Then last summer some striped cushions and seating with a vaguely maritime mid-century aesthetic appeared in the outdoor area, and I sensed that change was afoot. Sure enough, hotelier André Balazs had stepped in, scooped up the under-funded, charmless structure (which he himself once referred to as "a travesty of architecture") and was giving it The Standard treatment. Every day something about the evolving Standard East Village seemed more au bon goût.


In January, when Narcissa -- a restaurant named after a cow named after a flower named after a Greek god -- bloomed on the ground floor, my faith in Balazs' ability to refine the inelegant was confirmed. He partnered with John Fraser, the chef-owner of Dovetail, to open the inviting open rooms with a summery Scandinavian mountain lodge ambiance: high ceilings, warm light, golden wood.

Fraser's vegetable-focused food is irresistible. The Michelin starred-chef's devotion to seasonal, well-sourced produce is evident in every bite, and apparently much of the menu hails from Balazs' private Hudson Valley estate farm, Locusts on Hudson (whether it's factual or not, would that all New York veggie-loving chefs be able to claim such pedigree for their produce!).


The chef's passion for vegetables and the California cuisine of his beginnings guides the dishes even when a plate is not strictly vegetarian. A salad of Brussels sprouts with shaved baby roots, fruits, ham and manchego, is captivating thanks to cumin oil-enriched "vinaigrette" and seeds clinging to the apple, grape, radish, shaved cauliflower and fennel; I barely noticed (or needed) the ham. Rotisserie beets are a vegetarian's version of a Sunday roast. In the land of Fraser, the beet becomes the meat, with its crisped skin, blood red juices, melt-in-your-mouth tender interior and beefy accoutrements: horseradish crème and fresh dill.


A pierced poached farm egg poured by our server into a bowl of earthy forest mushrooms and wonderful clean chayote became a rich potage; with toast points, I'd happily eat this every day for breakfast. Grilled sweet potato with jerk spices and tofu aioli was cohesive and predictably tasty.
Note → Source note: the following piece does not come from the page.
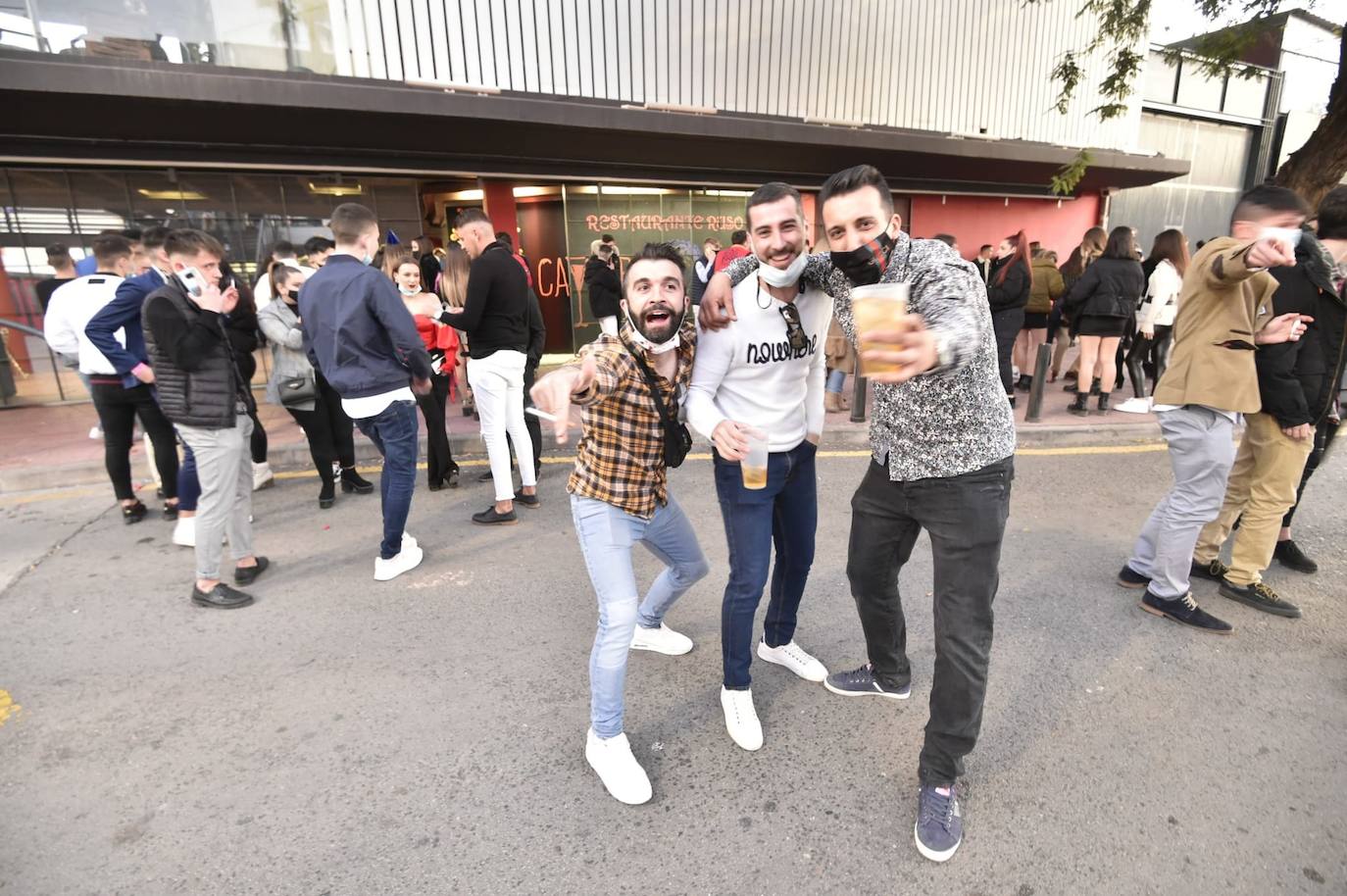 Fotos: Ambiente en Murcia durante el aperitivo y el &#039;tardeo&#039; de Nochevieja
Baked oysters, served on a bed of spice-laced salt crystals, were barely cooked (that's a good thing) beneath a truffle buttery bonito crust. Waiter, I'll take two dozen.

Steamed black bass fillets served in a turmeric-charged "French curry" broth was a revelation. Tiny de puys lentil beads in saffron-hued liquid, cabbage, apricots, almonds and cilantro to balance the feisty curry; French by way of Algiers, I'd say. Fried young carrots encased in a fluffy batter and served with spicy jalapeño-tofu dip are a signature side, one that probably lands on every table.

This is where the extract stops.